[Expat-discuss] binary in XML?

Josh Martin Josh.Martin@abq.sc.philips.com
Tue, 17 Sep 2002 22:14:50 -0600 (MDT)


> Hi all,
> 	I am aware that it is not advisable to include binary in a XML document. 
>  Yet I would like to know if and how I can use expat to parse a XML 
> document with binary in it.
> 	For example,
> 	<file>
> 		<data length=100>...</data>
> 	</file>
> 
> 	It is a file element with data of 100 bytes.  "..." is 100 bytes of 
binary 
> data.  Is it possible to ask expat to simply copy 100 bytes of data to a 
> buffer after it sees <data length=100>, then skips that 100 bytes and start 
> parsing the doc as text from the end tag again?
> 	Thanks,
> 
> Desmond

While expat itself does not have any functionality to do what you are talking 
about, it would be easy to have your application do this. In your 
StartElementHandler() function you can have your application read in the 100 
bytes of data into a buffer when you handle the <data> tag and the "length" 
attribute, and then process the information as desired.
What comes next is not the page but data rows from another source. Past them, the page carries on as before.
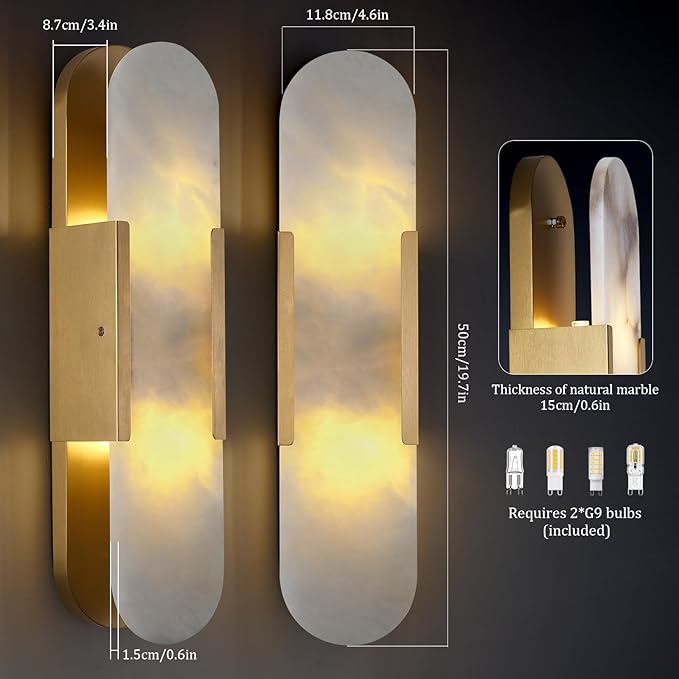19.7 in Brass Alabaster Wall Sconces, Natural Marble Wall Sconces Indoor Alabaster Sconces for Living Room Modern Alabaster Sconces Wall Lighting for Dining Room Stairs Bedroom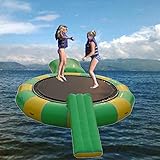 BUYAEAR 10Ft Aufblasbare Seetrampolin-Plattform, Tauchtrampolin Mit Rutschen Und Leitern, Aufblasbares PVC-HüPfbett, Geeignet FüR Indoor-Garten Oder Outdoor-Sportarten,2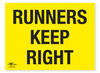 Runners Keep Right Correx Sign Route On The Course Directional
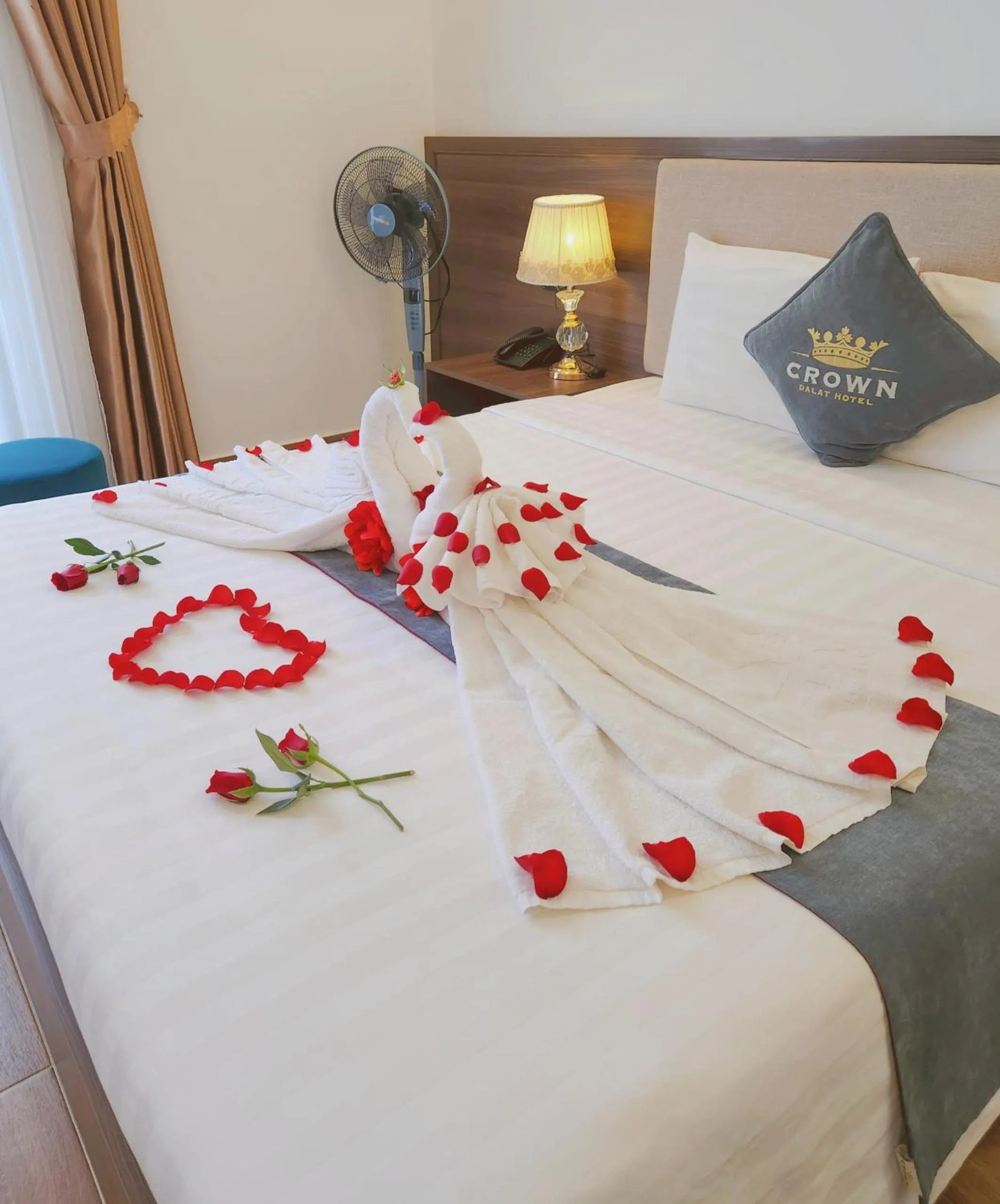 Bed in Crown Dalat Hotel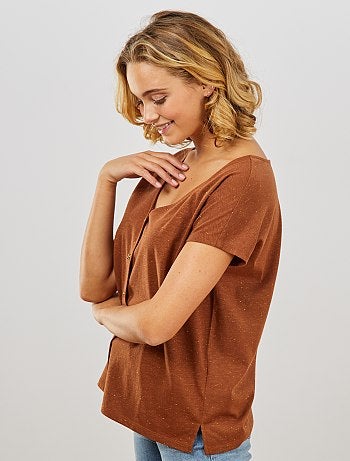 Camiseta con botones dorada - Kiabi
Your application can 
then resume sending the document to expat, and because you start reading after 
the binary information expat will never know the difference. However, there are 
some things to watch out for when using this method. In order to make sure that 
the binary data is not included in a buffer read to expat you will either have 
to send the document to expat one byte at a time, or you will have to make sure 
the <data> tags and the binary information are on separate lines (as follows) 
and read the document in one line at a time.
<file>
	<data length="100">
...
	</data>
</file>

These caveats are why it's generally advisable not to use inline binary 
information in an XML document, but they do not preclude the possibility.

Good luck.

 - Josh Martin